[Collection entries]
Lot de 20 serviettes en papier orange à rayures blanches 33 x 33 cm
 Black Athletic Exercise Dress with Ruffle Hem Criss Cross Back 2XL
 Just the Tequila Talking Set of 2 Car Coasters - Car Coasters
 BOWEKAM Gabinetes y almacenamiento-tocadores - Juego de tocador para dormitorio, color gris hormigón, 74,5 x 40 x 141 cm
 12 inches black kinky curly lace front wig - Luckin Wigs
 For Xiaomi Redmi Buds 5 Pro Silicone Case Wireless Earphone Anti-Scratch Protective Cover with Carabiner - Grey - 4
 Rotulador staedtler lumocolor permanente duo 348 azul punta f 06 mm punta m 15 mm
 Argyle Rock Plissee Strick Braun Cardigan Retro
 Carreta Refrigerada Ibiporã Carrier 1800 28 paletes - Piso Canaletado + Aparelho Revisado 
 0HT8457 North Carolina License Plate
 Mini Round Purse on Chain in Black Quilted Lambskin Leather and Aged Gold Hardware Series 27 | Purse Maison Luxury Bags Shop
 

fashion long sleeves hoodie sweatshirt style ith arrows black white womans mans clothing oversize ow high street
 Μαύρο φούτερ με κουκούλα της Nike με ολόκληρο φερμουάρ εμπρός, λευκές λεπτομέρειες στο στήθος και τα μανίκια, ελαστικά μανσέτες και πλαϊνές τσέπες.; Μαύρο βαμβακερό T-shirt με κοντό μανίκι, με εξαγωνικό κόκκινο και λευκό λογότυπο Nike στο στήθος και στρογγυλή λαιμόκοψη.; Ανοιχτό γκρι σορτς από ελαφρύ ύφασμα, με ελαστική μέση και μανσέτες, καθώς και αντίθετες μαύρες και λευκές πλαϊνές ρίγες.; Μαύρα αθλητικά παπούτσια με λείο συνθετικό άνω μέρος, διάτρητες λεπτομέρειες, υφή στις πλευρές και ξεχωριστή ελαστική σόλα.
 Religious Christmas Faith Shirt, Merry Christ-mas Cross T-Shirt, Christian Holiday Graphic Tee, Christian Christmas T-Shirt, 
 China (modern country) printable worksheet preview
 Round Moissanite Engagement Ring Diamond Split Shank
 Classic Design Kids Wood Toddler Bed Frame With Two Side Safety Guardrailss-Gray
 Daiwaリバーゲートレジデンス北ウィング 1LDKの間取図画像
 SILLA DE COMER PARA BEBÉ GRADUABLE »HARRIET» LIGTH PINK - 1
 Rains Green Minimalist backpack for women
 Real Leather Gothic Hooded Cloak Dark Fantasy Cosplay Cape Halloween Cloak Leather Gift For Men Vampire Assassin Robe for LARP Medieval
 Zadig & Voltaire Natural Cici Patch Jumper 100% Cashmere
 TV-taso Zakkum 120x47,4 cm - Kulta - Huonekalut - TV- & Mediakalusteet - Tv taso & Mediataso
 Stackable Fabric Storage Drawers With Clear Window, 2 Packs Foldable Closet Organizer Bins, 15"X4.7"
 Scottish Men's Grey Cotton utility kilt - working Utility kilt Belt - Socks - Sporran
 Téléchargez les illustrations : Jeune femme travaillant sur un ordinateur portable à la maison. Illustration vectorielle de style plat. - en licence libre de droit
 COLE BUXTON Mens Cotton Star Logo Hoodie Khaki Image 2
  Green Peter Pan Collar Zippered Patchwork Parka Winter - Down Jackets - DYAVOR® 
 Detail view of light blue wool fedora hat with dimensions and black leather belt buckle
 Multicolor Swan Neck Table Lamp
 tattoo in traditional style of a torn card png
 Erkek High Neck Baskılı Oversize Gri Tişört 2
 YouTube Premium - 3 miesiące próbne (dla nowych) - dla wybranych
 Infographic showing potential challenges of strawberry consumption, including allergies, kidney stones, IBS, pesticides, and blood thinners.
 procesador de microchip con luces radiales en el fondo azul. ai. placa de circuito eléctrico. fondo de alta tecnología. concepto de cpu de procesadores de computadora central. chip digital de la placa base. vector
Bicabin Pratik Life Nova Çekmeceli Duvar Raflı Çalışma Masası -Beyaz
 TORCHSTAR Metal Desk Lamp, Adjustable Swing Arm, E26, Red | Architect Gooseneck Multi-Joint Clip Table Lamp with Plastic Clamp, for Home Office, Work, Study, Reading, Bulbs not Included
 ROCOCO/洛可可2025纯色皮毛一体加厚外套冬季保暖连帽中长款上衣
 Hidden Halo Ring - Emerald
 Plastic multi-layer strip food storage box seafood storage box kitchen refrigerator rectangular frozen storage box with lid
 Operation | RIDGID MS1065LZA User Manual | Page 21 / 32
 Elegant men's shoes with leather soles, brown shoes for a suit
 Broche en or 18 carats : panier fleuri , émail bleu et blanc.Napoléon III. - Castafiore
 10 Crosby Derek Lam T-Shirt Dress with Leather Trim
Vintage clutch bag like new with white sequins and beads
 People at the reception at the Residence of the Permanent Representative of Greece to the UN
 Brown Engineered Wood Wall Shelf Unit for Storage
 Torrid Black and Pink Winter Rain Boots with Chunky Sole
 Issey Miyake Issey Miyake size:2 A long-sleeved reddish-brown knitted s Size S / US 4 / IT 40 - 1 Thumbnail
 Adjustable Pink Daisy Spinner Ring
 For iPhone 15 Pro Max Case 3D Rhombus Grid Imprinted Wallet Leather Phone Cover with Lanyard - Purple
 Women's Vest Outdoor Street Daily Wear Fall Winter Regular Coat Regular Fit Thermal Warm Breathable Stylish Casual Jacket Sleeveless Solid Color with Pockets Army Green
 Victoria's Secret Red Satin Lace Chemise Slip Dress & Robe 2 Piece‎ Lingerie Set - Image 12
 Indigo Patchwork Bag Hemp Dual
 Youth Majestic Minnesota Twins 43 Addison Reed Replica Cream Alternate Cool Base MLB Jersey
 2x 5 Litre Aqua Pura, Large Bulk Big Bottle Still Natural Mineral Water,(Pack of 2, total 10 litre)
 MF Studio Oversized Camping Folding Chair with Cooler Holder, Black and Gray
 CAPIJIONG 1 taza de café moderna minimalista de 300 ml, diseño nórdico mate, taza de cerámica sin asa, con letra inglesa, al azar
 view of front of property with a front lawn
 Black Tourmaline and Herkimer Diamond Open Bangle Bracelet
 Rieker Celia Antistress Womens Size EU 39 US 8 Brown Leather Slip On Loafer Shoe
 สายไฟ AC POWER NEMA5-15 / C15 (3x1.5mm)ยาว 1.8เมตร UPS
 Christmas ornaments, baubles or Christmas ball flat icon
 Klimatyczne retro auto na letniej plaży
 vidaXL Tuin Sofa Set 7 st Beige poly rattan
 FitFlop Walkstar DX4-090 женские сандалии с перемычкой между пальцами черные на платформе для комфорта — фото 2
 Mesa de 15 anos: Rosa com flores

| Problem to work on |
Set down the preceding data verbatim. Every line belongs in the copy.

| Answer to this task |
Lot de 20 serviettes en papier orange à rayures blanches 33 x 33 cm
 Black Athletic Exercise Dress with Ruffle Hem Criss Cross Back 2XL
 Just the Tequila Talking Set of 2 Car Coasters - Car Coasters
 BOWEKAM Gabinetes y almacenamiento-tocadores - Juego de tocador para dormitorio, color gris hormigón, 74,5 x 40 x 141 cm
 12 inches black kinky curly lace front wig - Luckin Wigs
 For Xiaomi Redmi Buds 5 Pro Silicone Case Wireless Earphone Anti-Scratch Protective Cover with Carabiner - Grey - 4
 Rotulador staedtler lumocolor permanente duo 348 azul punta f 06 mm punta m 15 mm
 Argyle Rock Plissee Strick Braun Cardigan Retro
 Carreta Refrigerada Ibiporã Carrier 1800 28 paletes - Piso Canaletado + Aparelho Revisado 
 0HT8457 North Carolina License Plate
 Mini Round Purse on Chain in Black Quilted Lambskin Leather and Aged Gold Hardware Series 27 | Purse Maison Luxury Bags Shop
 

fashion long sleeves hoodie sweatshirt style ith arrows black white womans mans clothing oversize ow high street
 Μαύρο φούτερ με κουκούλα της Nike με ολόκληρο φερμουάρ εμπρός, λευκές λεπτομέρειες στο στήθος και τα μανίκια, ελαστικά μανσέτες και πλαϊνές τσέπες.; Μαύρο βαμβακερό T-shirt με κοντό μανίκι, με εξαγωνικό κόκκινο και λευκό λογότυπο Nike στο στήθος και στρογγυλή λαιμόκοψη.; Ανοιχτό γκρι σορτς από ελαφρύ ύφασμα, με ελαστική μέση και μανσέτες, καθώς και αντίθετες μαύρες και λευκές πλαϊνές ρίγες.; Μαύρα αθλητικά παπούτσια με λείο συνθετικό άνω μέρος, διάτρητες λεπτομέρειες, υφή στις πλευρές και ξεχωριστή ελαστική σόλα.
 Religious Christmas Faith Shirt, Merry Christ-mas Cross T-Shirt, Christian Holiday Graphic Tee, Christian Christmas T-Shirt, 
 China (modern country) printable worksheet preview
 Round Moissanite Engagement Ring Diamond Split Shank
 Classic Design Kids Wood Toddler Bed Frame With Two Side Safety Guardrailss-Gray
 Daiwaリバーゲートレジデンス北ウィング 1LDKの間取図画像
 SILLA DE COMER PARA BEBÉ GRADUABLE »HARRIET» LIGTH PINK - 1
 Rains Green Minimalist backpack for women
 Real Leather Gothic Hooded Cloak Dark Fantasy Cosplay Cape Halloween Cloak Leather Gift For Men Vampire Assassin Robe for LARP Medieval
 Zadig & Voltaire Natural Cici Patch Jumper 100% Cashmere
 TV-taso Zakkum 120x47,4 cm - Kulta - Huonekalut - TV- & Mediakalusteet - Tv taso & Mediataso
 Stackable Fabric Storage Drawers With Clear Window, 2 Packs Foldable Closet Organizer Bins, 15"X4.7"
 Scottish Men's Grey Cotton utility kilt - working Utility kilt Belt - Socks - Sporran
 Téléchargez les illustrations : Jeune femme travaillant sur un ordinateur portable à la maison. Illustration vectorielle de style plat. - en licence libre de droit
 COLE BUXTON Mens Cotton Star Logo Hoodie Khaki Image 2
  Green Peter Pan Collar Zippered Patchwork Parka Winter - Down Jackets - DYAVOR® 
 Detail view of light blue wool fedora hat with dimensions and black leather belt buckle
 Multicolor Swan Neck Table Lamp
 tattoo in traditional style of a torn card png
 Erkek High Neck Baskılı Oversize Gri Tişört 2
 YouTube Premium - 3 miesiące próbne (dla nowych) - dla wybranych
 Infographic showing potential challenges of strawberry consumption, including allergies, kidney stones, IBS, pesticides, and blood thinners.
 procesador de microchip con luces radiales en el fondo azul. ai. placa de circuito eléctrico. fondo de alta tecnología. concepto de cpu de procesadores de computadora central. chip digital de la placa base. vector
Bicabin Pratik Life Nova Çekmeceli Duvar Raflı Çalışma Masası -Beyaz
 TORCHSTAR Metal Desk Lamp, Adjustable Swing Arm, E26, Red | Architect Gooseneck Multi-Joint Clip Table Lamp with Plastic Clamp, for Home Office, Work, Study, Reading, Bulbs not Included
 ROCOCO/洛可可2025纯色皮毛一体加厚外套冬季保暖连帽中长款上衣
 Hidden Halo Ring - Emerald
 Plastic multi-layer strip food storage box seafood storage box kitchen refrigerator rectangular frozen storage box with lid
 Operation | RIDGID MS1065LZA User Manual | Page 21 / 32
 Elegant men's shoes with leather soles, brown shoes for a suit
 Broche en or 18 carats : panier fleuri , émail bleu et blanc.Napoléon III. - Castafiore
 10 Crosby Derek Lam T-Shirt Dress with Leather Trim
Vintage clutch bag like new with white sequins and beads
 People at the reception at the Residence of the Permanent Representative of Greece to the UN
 Brown Engineered Wood Wall Shelf Unit for Storage
 Torrid Black and Pink Winter Rain Boots with Chunky Sole
 Issey Miyake Issey Miyake size:2 A long-sleeved reddish-brown knitted s Size S / US 4 / IT 40 - 1 Thumbnail
 Adjustable Pink Daisy Spinner Ring
 For iPhone 15 Pro Max Case 3D Rhombus Grid Imprinted Wallet Leather Phone Cover with Lanyard - Purple
 Women's Vest Outdoor Street Daily Wear Fall Winter Regular Coat Regular Fit Thermal Warm Breathable Stylish Casual Jacket Sleeveless Solid Color with Pockets Army Green
 Victoria's Secret Red Satin Lace Chemise Slip Dress & Robe 2 Piece‎ Lingerie Set - Image 12
 Indigo Patchwork Bag Hemp Dual
 Youth Majestic Minnesota Twins 43 Addison Reed Replica Cream Alternate Cool Base MLB Jersey
 2x 5 Litre Aqua Pura, Large Bulk Big Bottle Still Natural Mineral Water,(Pack of 2, total 10 litre)
 MF Studio Oversized Camping Folding Chair with Cooler Holder, Black and Gray
 CAPIJIONG 1 taza de café moderna minimalista de 300 ml, diseño nórdico mate, taza de cerámica sin asa, con letra inglesa, al azar
 view of front of property with a front lawn
 Black Tourmaline and Herkimer Diamond Open Bangle Bracelet
 Rieker Celia Antistress Womens Size EU 39 US 8 Brown Leather Slip On Loafer Shoe
 สายไฟ AC POWER NEMA5-15 / C15 (3x1.5mm)ยาว 1.8เมตร UPS
 Christmas ornaments, baubles or Christmas ball flat icon
 Klimatyczne retro auto na letniej plaży
 vidaXL Tuin Sofa Set 7 st Beige poly rattan
 FitFlop Walkstar DX4-090 женские сандалии с перемычкой между пальцами черные на платформе для комфорта — фото 2
 Mesa de 15 anos: Rosa com flores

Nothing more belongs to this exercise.